▶ [TASK INSTRUCTIONS]: Only the lines below starting at the one containing "КГК и МНС раскрыли" and ending at the one containing "Valentino valentino black" belong in the answer, each copied exactly.

▶ [SUPPLIED MATERIAL]:
====

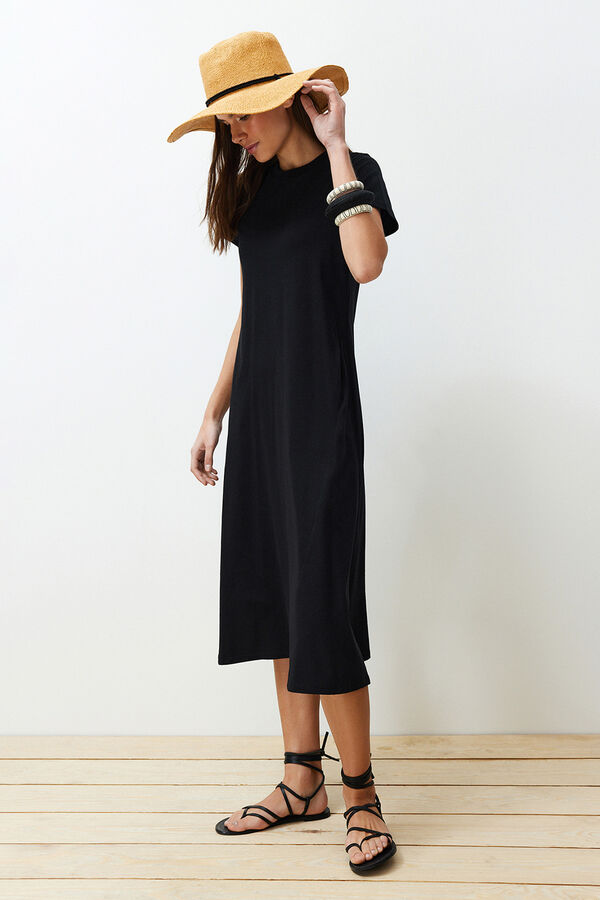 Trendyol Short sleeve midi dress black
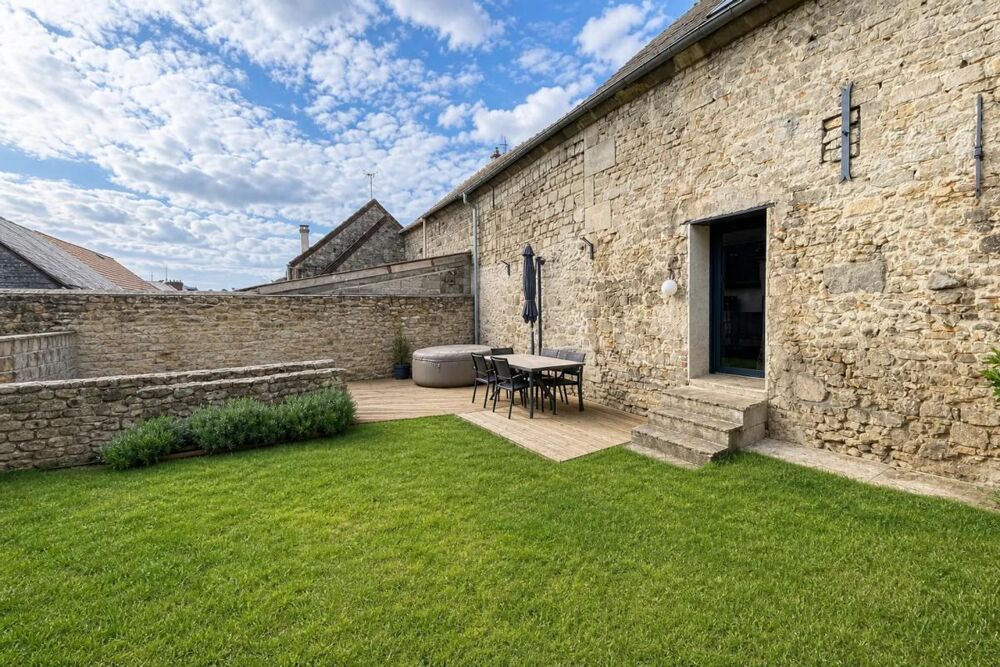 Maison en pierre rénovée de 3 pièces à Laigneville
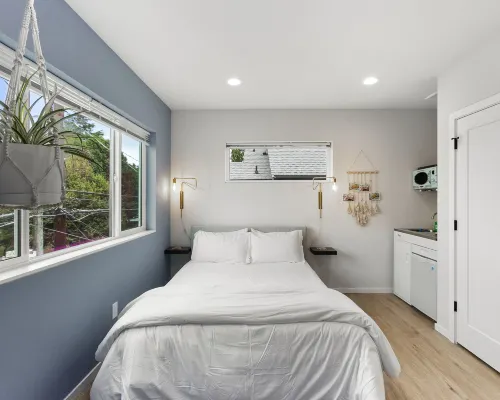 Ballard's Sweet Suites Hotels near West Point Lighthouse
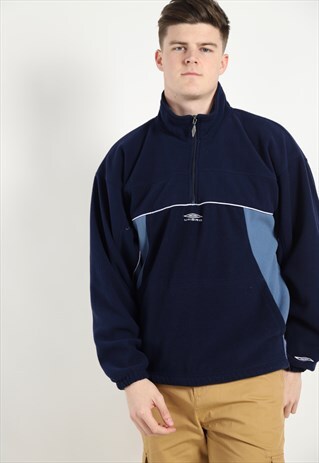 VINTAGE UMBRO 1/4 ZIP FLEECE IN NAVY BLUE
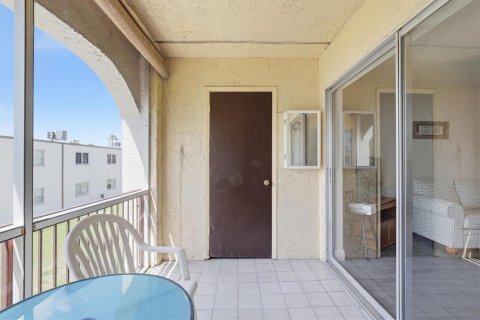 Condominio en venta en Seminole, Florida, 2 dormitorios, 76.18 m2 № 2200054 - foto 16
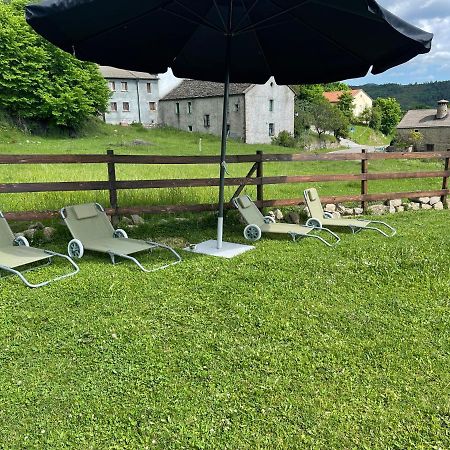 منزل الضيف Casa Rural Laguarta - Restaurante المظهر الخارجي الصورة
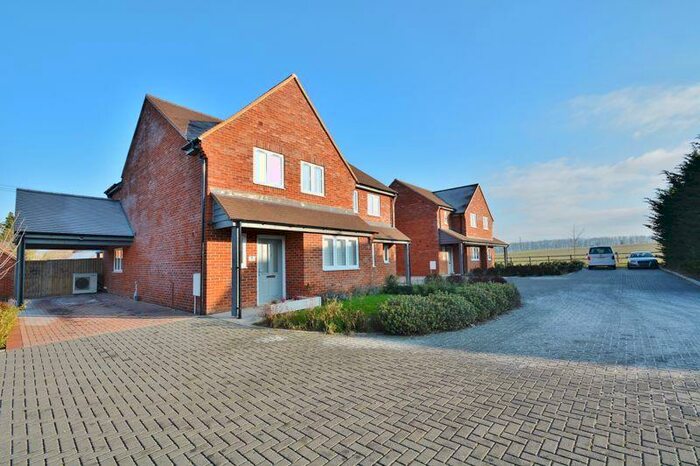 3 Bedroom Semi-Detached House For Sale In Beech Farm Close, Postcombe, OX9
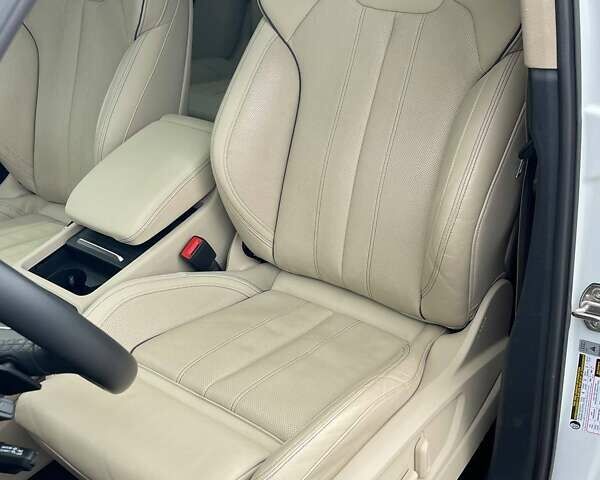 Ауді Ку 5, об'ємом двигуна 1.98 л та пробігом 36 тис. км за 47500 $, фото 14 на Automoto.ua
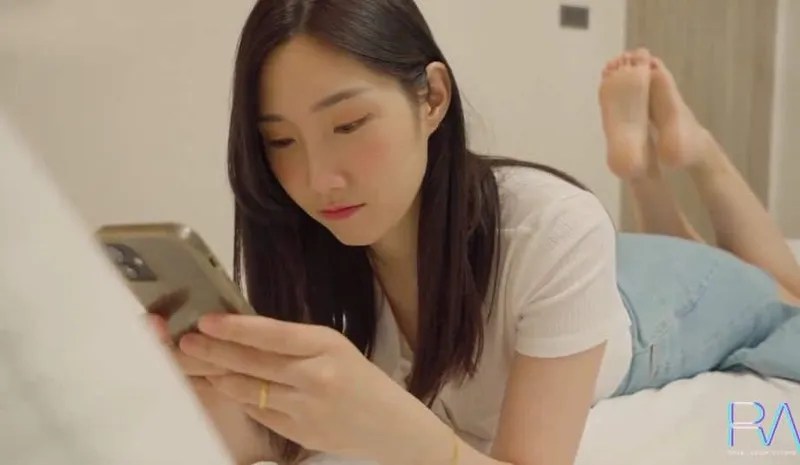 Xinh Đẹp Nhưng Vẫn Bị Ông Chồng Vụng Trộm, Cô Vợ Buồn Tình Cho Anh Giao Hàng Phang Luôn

====

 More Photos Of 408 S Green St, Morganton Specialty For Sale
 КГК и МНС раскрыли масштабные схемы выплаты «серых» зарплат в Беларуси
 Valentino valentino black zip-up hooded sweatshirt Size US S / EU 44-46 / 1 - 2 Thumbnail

====

▶ [RESULT OF THE EXERCISE]:
 КГК и МНС раскрыли масштабные схемы выплаты «серых» зарплат в Беларуси
 Valentino valentino black zip-up hooded sweatshirt Size US S / EU 44-46 / 1 - 2 Thumbnail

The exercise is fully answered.